→ **TASK STATEMENT**
Every entry below is to be returned unchanged. Images are not part of the copy.

::::::::::

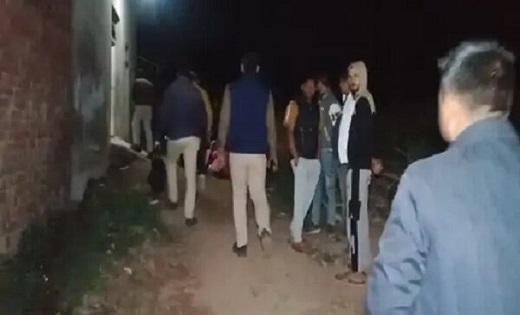 CG CRIME : घर पहुंचा पति तो मोबाइल चलाते मिली पत्नी, फिर गुस... - CG Sandesh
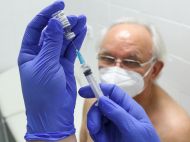 Щеплення робитимуть прямо вдома: у&nbsp;МОЗ розповіли, як&nbsp;пройде вакцинація людей старших за&nbsp;80 років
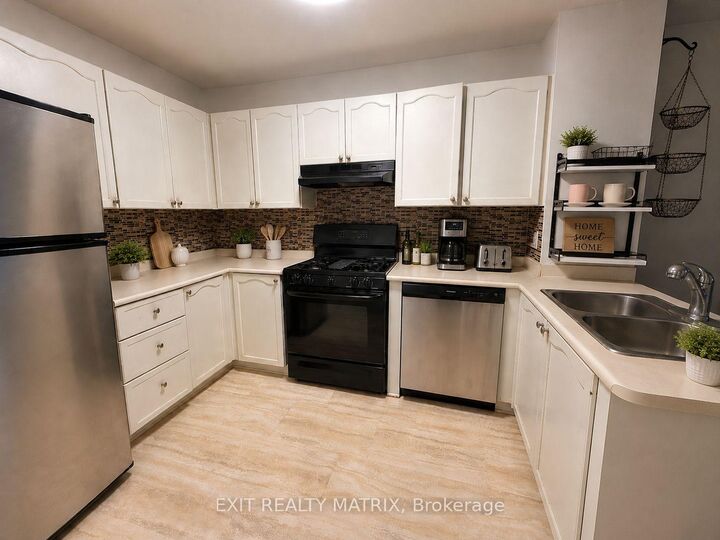 Property Photo:  67 Ashpark Crescent  ON K1T 3N7 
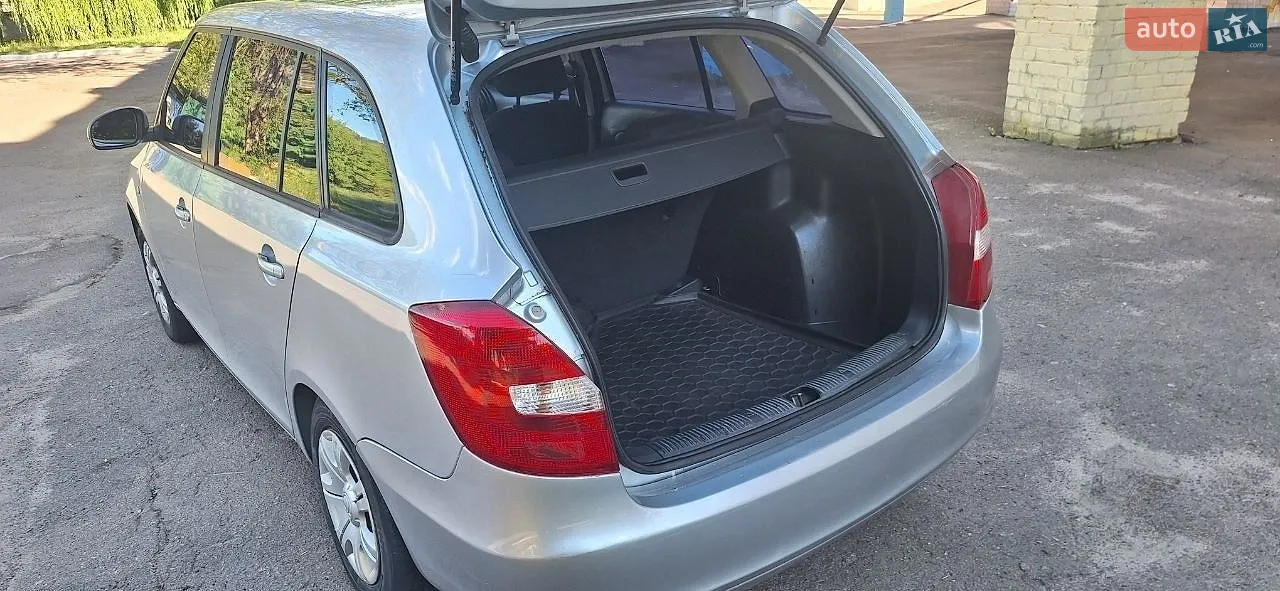 2012 Skoda Fabia - мініатюра 8
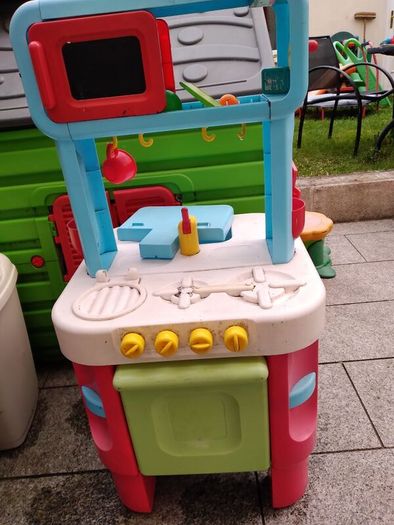 Toy kitchen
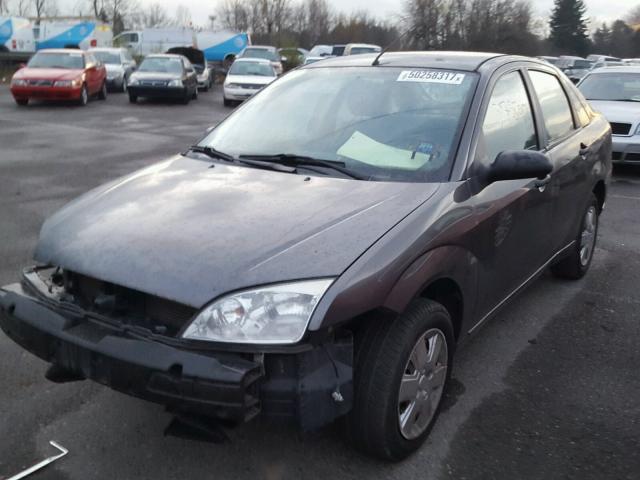 1FAHP34N77W348428 - 2007 FORD FOCUS ZX4 GRAY photo 2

::::::::::

→ **SOLUTION TO THIS TASK**
 CG CRIME : घर पहुंचा पति तो मोबाइल चलाते मिली पत्नी, फिर गुस... - CG Sandesh
 Щеплення робитимуть прямо вдома: у&nbsp;МОЗ розповіли, як&nbsp;пройде вакцинація людей старших за&nbsp;80 років
 Property Photo:  67 Ashpark Crescent  ON K1T 3N7 
 2012 Skoda Fabia - мініатюра 8
 Toy kitchen
 1FAHP34N77W348428 - 2007 FORD FOCUS ZX4 GRAY photo 2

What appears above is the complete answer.